Savvy cooks will love these tricks for rescuing leftover pumpkins, storing fall cheese, using skewers and lots more!
What's sadder than a leftover Halloween jack-o-lantern made from a pumpkin? Don't throw Jack out, though. Cut the gourds in half vertically down the middle. Make sure each half can fit, cut side down, on a baking sheet sprinkled with water. Then bake at 350 degrees F for 30 to 60 minutes. You'll know they're done when the skin darkens and the pumpkin starts to fall in on itself. A fork or knife will penetrate easily when it's done. Remove from the oven and let cool at least 20 minutes, then scoop out the flesh and puree in a food processor (throw away the skin). Now you have pumpkin puree for pie, soup and many other holiday dishes.
Some cooks prefer wood skewers, while others insist on metal versions. If you are using wooden skewers, to keep them from burning, soak them in water for half an hour first. This also helps preserve moisture in the food. Also be sure to align food pieces right next to each other on wooden skewers for proper heating. With metal skewers, choose twisted or squared versions so food won't fall off. Since metal holds heat better, a little space between food items on metal skewers is okay. If making foods with different cooking times, cook them on separate skewers and then combine them on the serving plate.
The best cheese is aged in cooled rooms, so it makes perfect sense to store tightly wrapped cheese in the refrigerator. Try to keep air away from the cheese, since air promotes mold growth on cheese. If some mold grows on the outside of the cheese, just cut it off. However, if it's gotten all the way through the cheese, discard it. Always bring cheese to room temperature before using it in cooking. Cheese that's well aged or ripened also can be frozen, but beware that the longer it's frozen, the more likely it is to dry out and become crumbly. Thaw cheese slowly in the refrigerator for a day or two; don't leave it out on the counter where mold can grow on it.
Honey is a wonderful substance created by bees that can substitute for sugar in many recipes. It's especially good in many succulent harvest-seasons recipes such as squash, pumpkins and baking. Because it's sweeter than sugar, less honey can be used to achieve the same sweetness as sugar. Start by replacing half the sugar in any recipe with honey and see how it tastes.
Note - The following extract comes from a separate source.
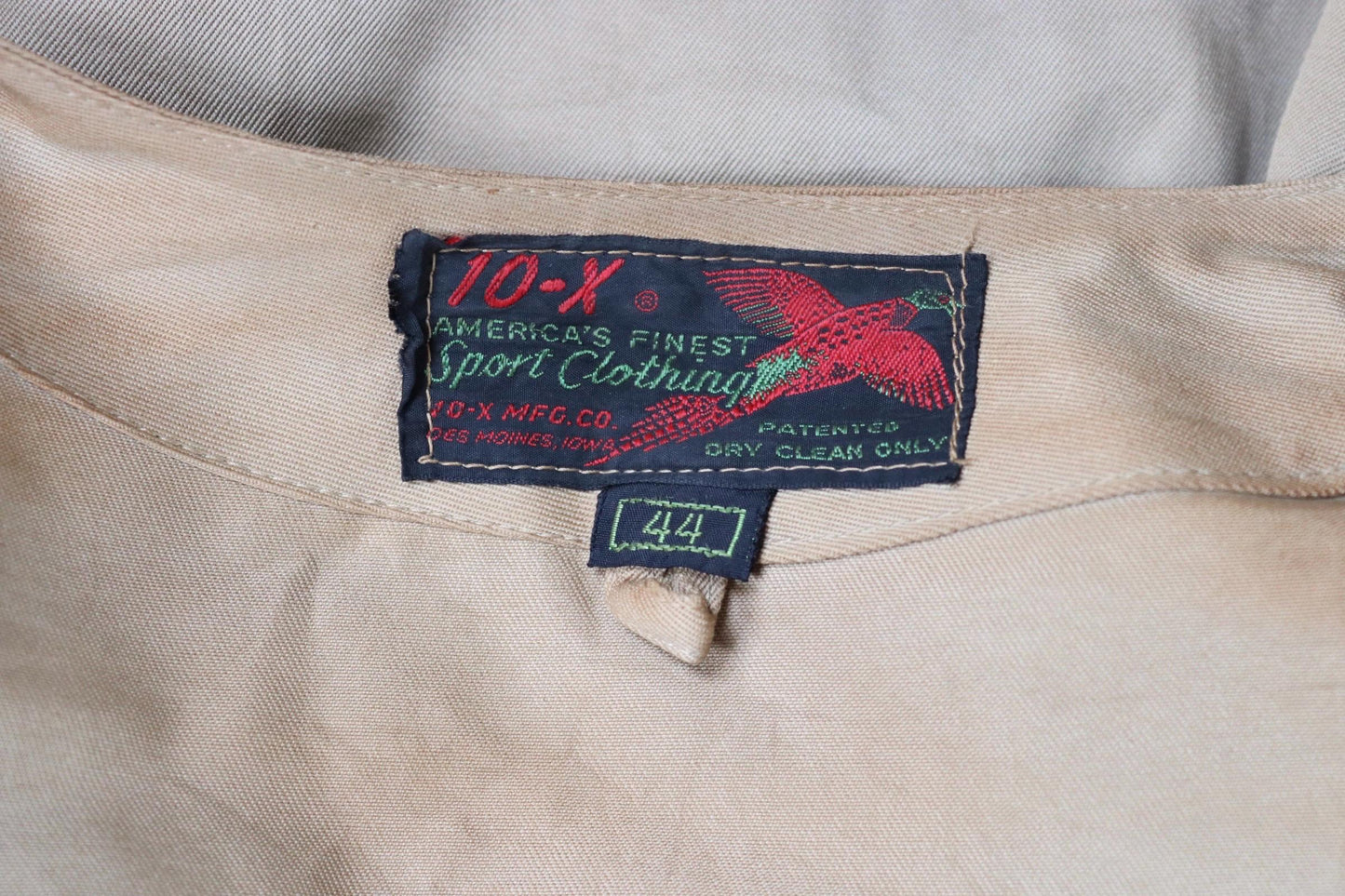 Vintage 1960s 60s khaki brown 10-X hunting shooting rifle jacket chain stitch club patch 44” chest half belt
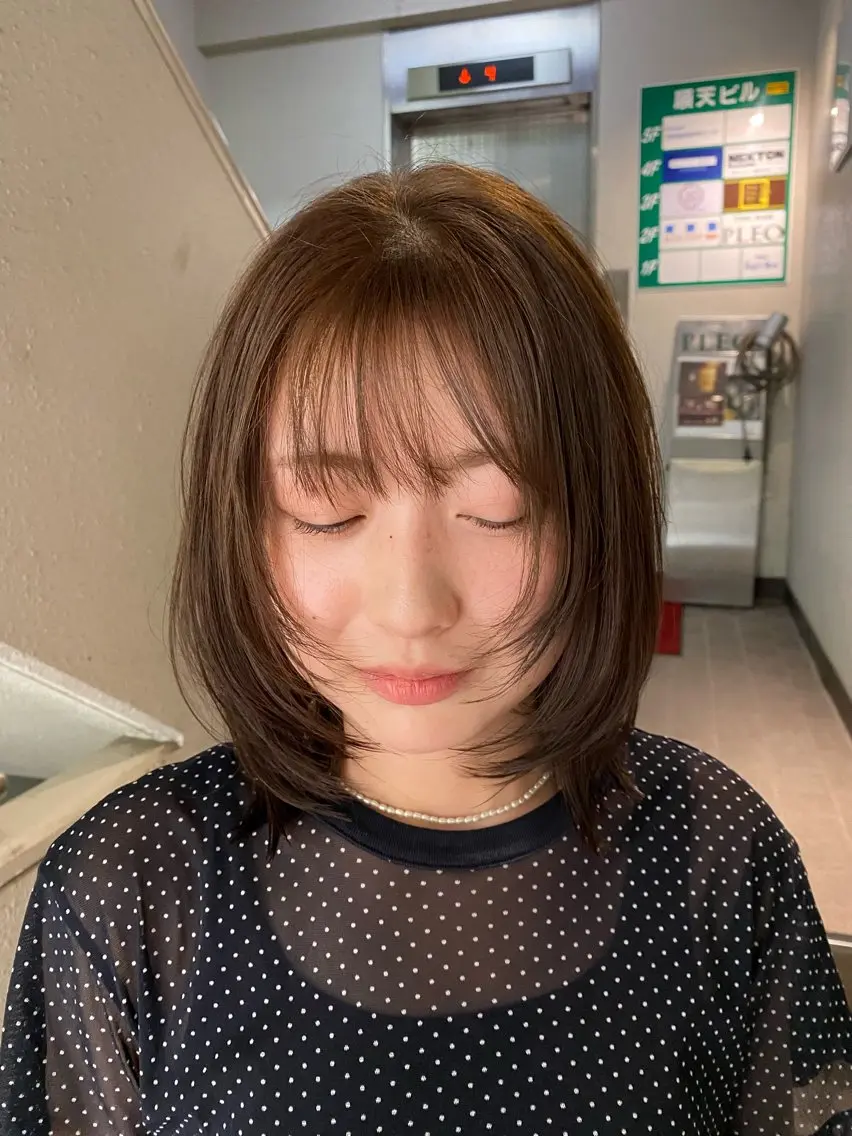 ミディアム カラー カット ヘアカラー ナチュラルヘア🫧 ナナミのヘアスタイル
Keep experimenting with other recipes until you find a balance that pleases your palate.
In addition, remember these adjustments:
* For each cup of honey added to a recipe, reduce liquid by one-quarter cup.
* To encourage proper rising in baked goods, add half a teaspoon of baking soda for each cup of honey.
* Cut back oven temperature by 25 degrees F to prevent excess browning.
* Coat the measuring spoon or cup with a little vegetable oil (corn, canola or safflower, not olive!) or non-stick spray when measuring honey, and the honey won't stick to the utensil.